Very little else will change. These leaseholders will be instructed to pay ground rent directly to the fund who own your corresponding share of freehold. The fund will write to you directly with instructions on how to do this.

You still have the legal right to extend your lease, although the fund will additionally also offer to sell you the share of freehold which corresponds to your flat for a similar price.

It is expected that gradually more and more of these leaseholders will also become share of freeholders and will then have the same status of those who participated in the original enfranchisement.

What will happen to leaseholders who did participate in the enfranchisement?

These leaseholders will have 999-year leases granted and will no longer have to pay ground rent. They will be able to put themselves forward to stand on the board of BBB Courts and will be able to vote on important issues where relevant.

Should the need arise, they will be able to extend their leases in the future at no cost (other than administrative/legal costs).

Their lease and their share of freehold must always be owned by the same entity (which is also the case for all shares in TCMC). When flats are sold, the corresponding share of freehold (ie, the share in BBB Courts) and share in TCMC must also be passed onto the new owner.

Why did the fund offer to pay for the non­ participant flats? Did they do it out of generosity?

It was not out of generosity; the fund has a financial interest in the process. The laws governing enfranchisement mean that they can purchase the non­participant parts of the freehold at a significantly reduced rate as they do not hold the corresponding leases. When they sell these SOF on, leaseholders will pay the full rate and the fund will expect to make a profit. Also, as time passes and leases get shorter, the amount leaseholders pay increases, further increasing the financial gain for the fund. If a lease is left to expire they will take on ownership of that property.

Will the fund get a say in how the blocks are run?

They do have a vote, although they have confirmed in writing that they will not exercise it in relation to day­-to­-day management matters and would only use it in exceptional circumstances where they felt that the security of their investment was threatened.

We were also careful to ensure that they would not be able to do anything sinister (eg, build extra flats on the roof) without the consent of other freeholders. An independent solicitor was sought to review all the legal documents to ensure that this was the case.

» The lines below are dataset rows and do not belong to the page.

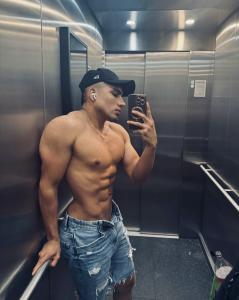 674504023: Chico busca chica en Madrid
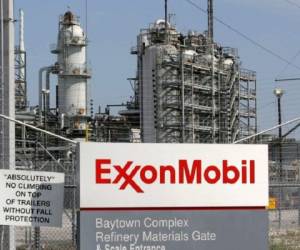 Aunque reducirá sus costos, ExxonMobil no ha decidido ceder activos ni suprimir empleos para enfrentar la baja de los precios del crudo, contrariamente a lo que han hecho sus principales competidores (Chevron, Shell, Total, BP).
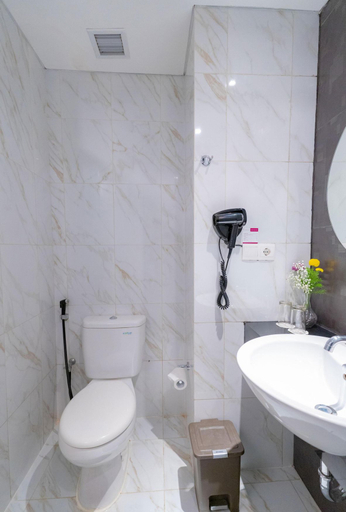 bathroom 9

So what will change in how the blocks are run?

Very little will change in the management of the blocks as a direct result of enfranchisement. Often enfranchisement is also used as an opportunity to wrestle control of an estate from the freeholder, but this does not apply in our case as the blocks are already managed by ourselves. As described previously management of the blocks will be transferred from TCMC to BBBCourts. Most people who are shareholders in TCMC will also become shareholders in BBBCourts.

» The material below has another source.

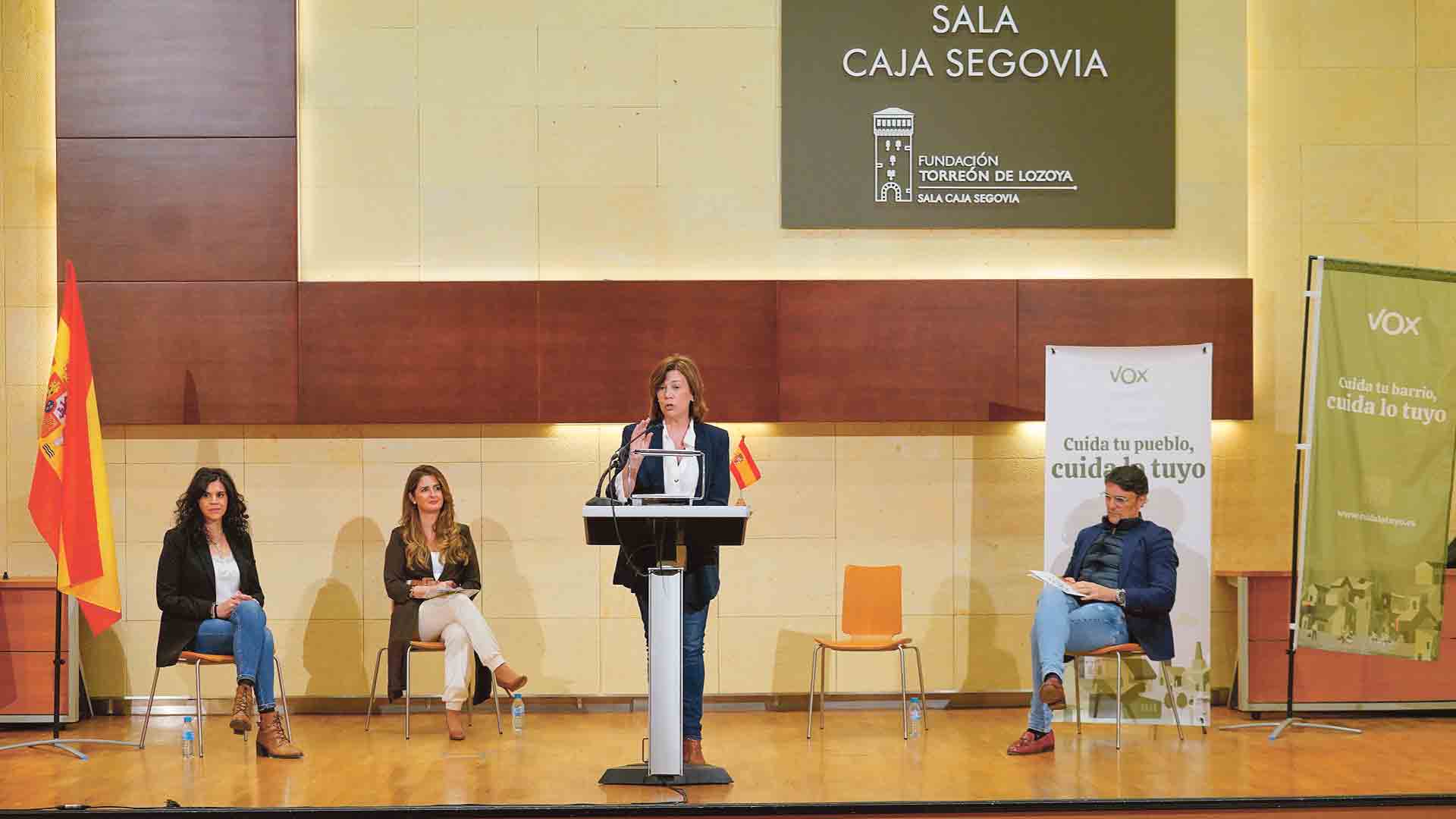 Núñez interviene en presencia de Jiménez, Suárez y Arévalo. / Miguel Ángel Fernández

The new board of BBB Courts directors take on the role of managing the blocks.

BBB Courts, rather than TCMC, will in future appoint the managing agents, and consider the appointment from time to time.   

Does TCMC receive anything as a result of selling the head lease?

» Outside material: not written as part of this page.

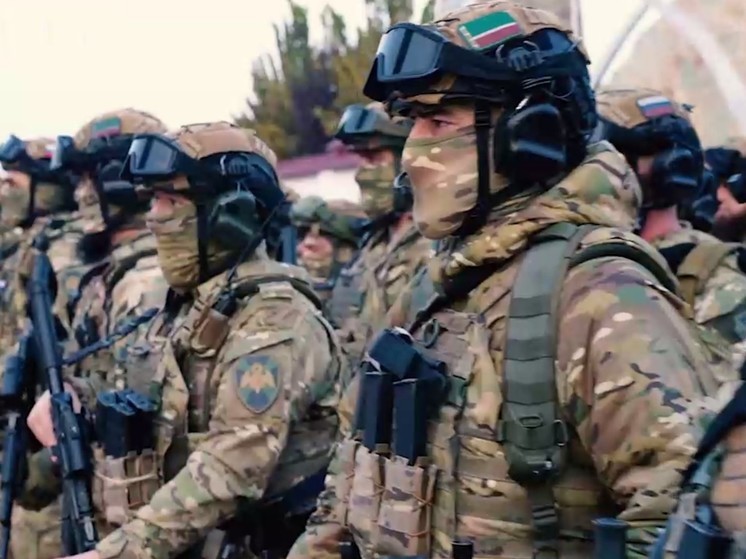 Кадыров отправил в зону СВО бойцов элитного подразделения ОМОНа "Ахмат-1"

Yes. When the purchase completed, TCMC received a sum of money. 

I did not participate in the enfranchisement. How do I extend my lease or purchase my share of freehold?

You still have the legal right to extend your lease, although it is expected that anyone doing this would opt to buy their share of freehold in preference and grant themselves a 999-year lease.

In order to buy your share of freehold, you will need to contact the fund. You may need to appoint a surveyor and a solicitor to act on your behalf. You might look to team up with other leaseholders within the blocks in order to share the costs and as mentioned previously there is a group of leaseholders who are planning to do this. Email [email protected] and we can put you in touch with them.

It is advisable to purchase your share of freehold before your lease falls below 80 years as at this point the price increases significantly.